Ruling: Petition has no merit.


(1) The rule therefore in this jurisdiction is that once a complaint or
information is filed in Court any disposition of the case as its
dismissal or the conviction or acquittal of the accused rests in the
sound discretion of the Court. Although the fiscal retains the
direction and control of the prosecution of criminal cases even while
the case is already in Court he cannot impose his opinion on the trial
court. The Court is the best and sole judge on what to do with the
case before it. The determination of the case is within its exclusive
jurisdiction and competence. A motion to dismiss the case filed by
the fiscal should be addressed to the Court who has the option to
grant or deny the same. It does not matter if this is done before or
after the arraignment of the accused or that the motion was filed
after a reinvestigation or upon instructions of the Secretary of Justice
who reviewed the records of the investigation. (2) The justice
secretary's power of review may still be availed of despite the filing
of an information in court. The case record will show that your
Office, in the determination of probable cause vis--vis the attending
set of facts and circumstances, failed to consider the application of
the procedure laid down under Section 3 paragraph (d) of Rule 112
of the Revised Rules of Procedure which provides:
If the respondent cannot be subpoenaed, or if subpoenaed, does not
submit counter-affidavits within the ten (10)-day period, the
investigating officer shall resolve the complaint based on the
evidence presented by the complainant.In the instant case, the
Investigating Prosecutor found ground to continue with the inquiry
which is why he issued subpoenas to the respondents to submit their
counter affidavit within the 10-day period, since he could have
dismissed it initially if indeed there was really no evidence to serve
as a ground for continuing with the inquiry. For failure of the
respondents to file their respective counter-affidavits, they are
deemed to have forfeited their right to preliminary investigation as
due process only requires that the respondent be given the
opportunity to submit counter-affidavit, if he is so minded. The
conclusion reached by the Regional State Prosecutor is manifestly
wrong as the CA was correct when it observed that the issuance of a
subpoena would become unceremoniously clothed with the
untoward implication that probable cause is necessarily extant.(3)
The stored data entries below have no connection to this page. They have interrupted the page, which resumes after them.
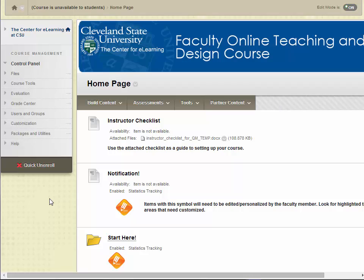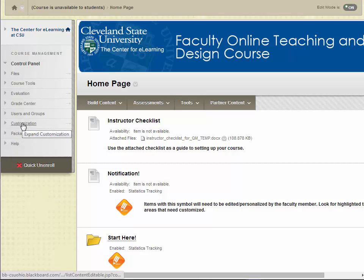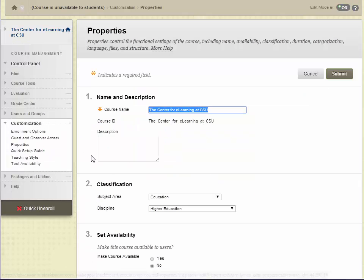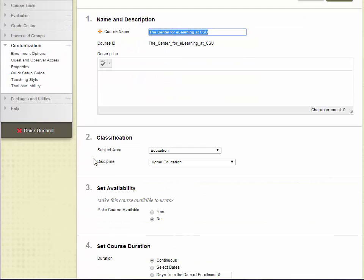After you have logged into Blackboard and selected the course that you would like to make available, click on the customization option in the control panel and select properties, which controls the functional settings of the course. From here, click Yes under the Set Availability option to make the course available.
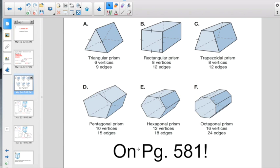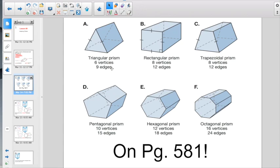A handy dandy reference is right on page 581 of your book — six types of prisms. If it has a pair of triangular parallel faces, that's a triangular prism. Two parallel rectangular faces — rectangular prism. Trapezoidal faces — trapezoidal prism. Five sides on the parallel congruent faces — pentagonal prism. Six sides — hexagonal prism. Eight sides — octagonal prism. It also tells you how many vertices and how many edges. Remember, vertices are the corners; edges are the lines.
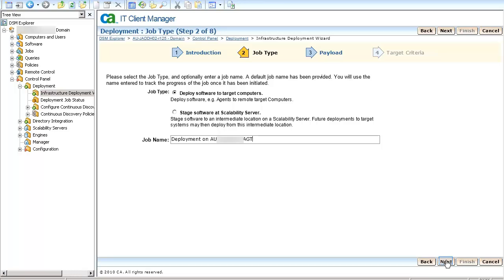In the Job Type page, select the Deploy Software to Target Computers option, enter the desired job name and click Next.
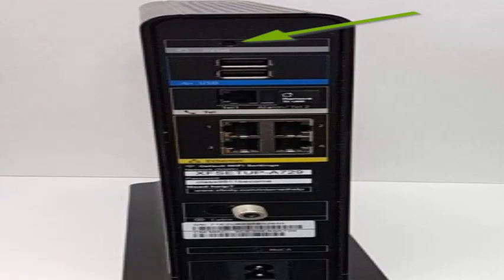Using a small object, press and hold the reset button for at least 30 seconds. Once 30 seconds has passed, release the button. Your gateway device will begin booting up while performing a factory reset.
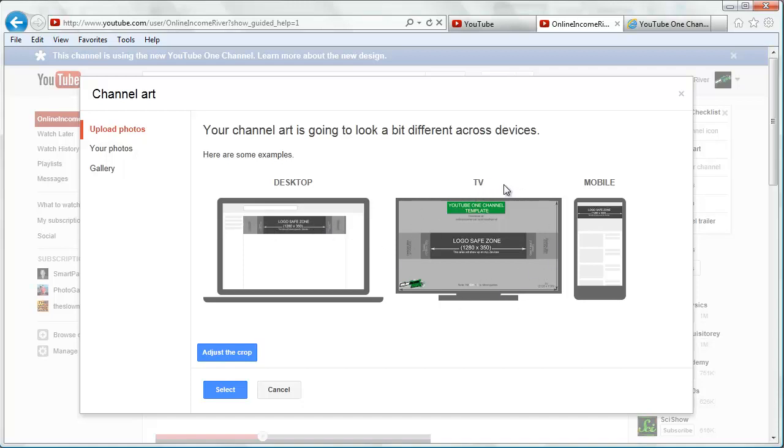On desktop, it's just going to show us that grey bar like I said. On the TV, it's going to show us everything that was there, and on the mobile, it's just going to show us that smallest dark grey box, the logo safe zone.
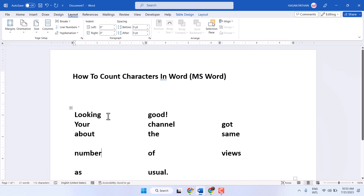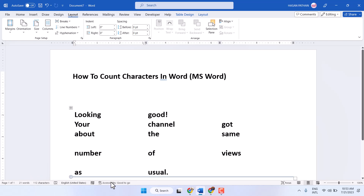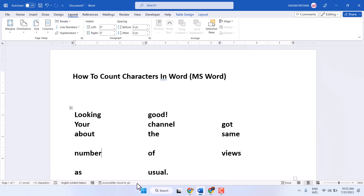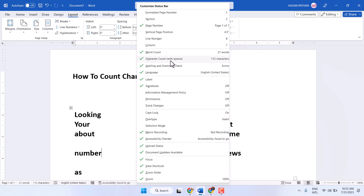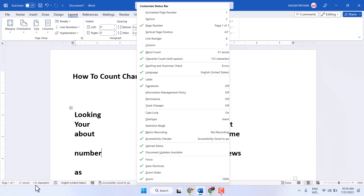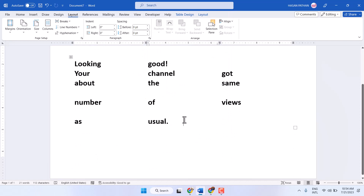Hello friends, in this video I will show you how to add the character count status in a Microsoft Word document. Just right-click on the status bar and select 'Character Count' if it's unselected. This is how you can add the character count status in Microsoft Word.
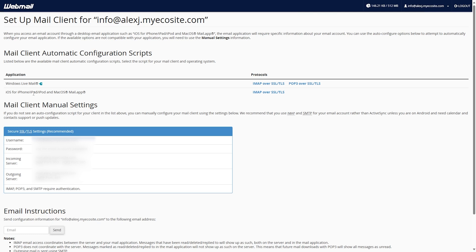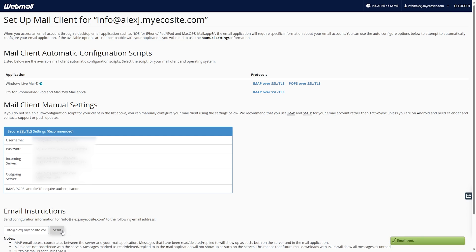This section provides detailed configuration information and offers the option to send an auto-configuration file to another address like your Gmail account. You can quickly email this file to yourself and then download it to set up your email seamlessly.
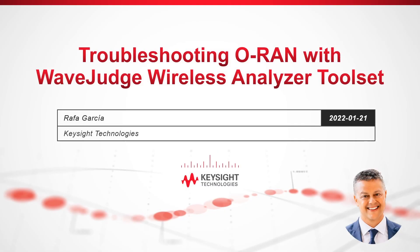Hi, welcome to this virtual event. My name is Rafael Garcia and I am the Keysight Wireless Analyzer solutions GoToMarket Lead. Today you will have a very interesting session in which we will be presenting the great value of our WaveJudge Wireless Analyzer toolset to troubleshoot O-RAN use cases.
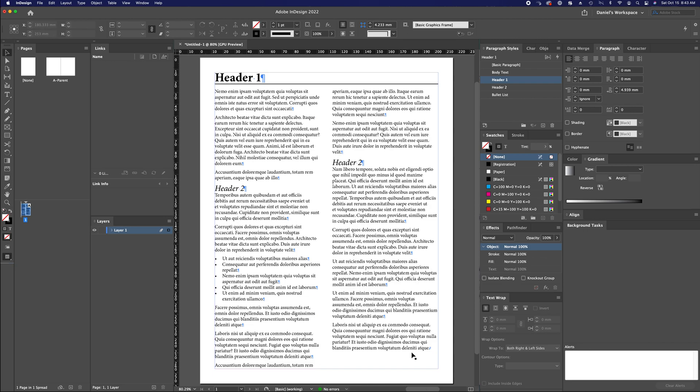We can make further adjustments here if we wish, if we want to open up that leading a little bit or make some further refinements. But for the sake of example, I think this is going over the basics of what you'll use most often in terms of paragraph spacing. So I hope this is useful, and I hope this produces some better-looking pages for you. So until next time, bye.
CA found that the Regional State Prosecutor acted with grave abuse
of discretion when he ordered the City Prosecutor to file the
Informations for perjury against respondents. It was because of the
CA Decision that the City Prosecutor eventually filed two Motions
for Leave to Withdraw Informations. The court may deny or grant a
motion to withdraw an information, not out of subservience to the
(Special) Prosecutor, but in faithful exercise of judicial discretion
and prerogative. The dismissal of the two informations against
respondents were subject to the MTCCs jurisdiction and discretion
in view of the circumstances of the case at bar. Such dismissal
ultimately renders the case moot and academic.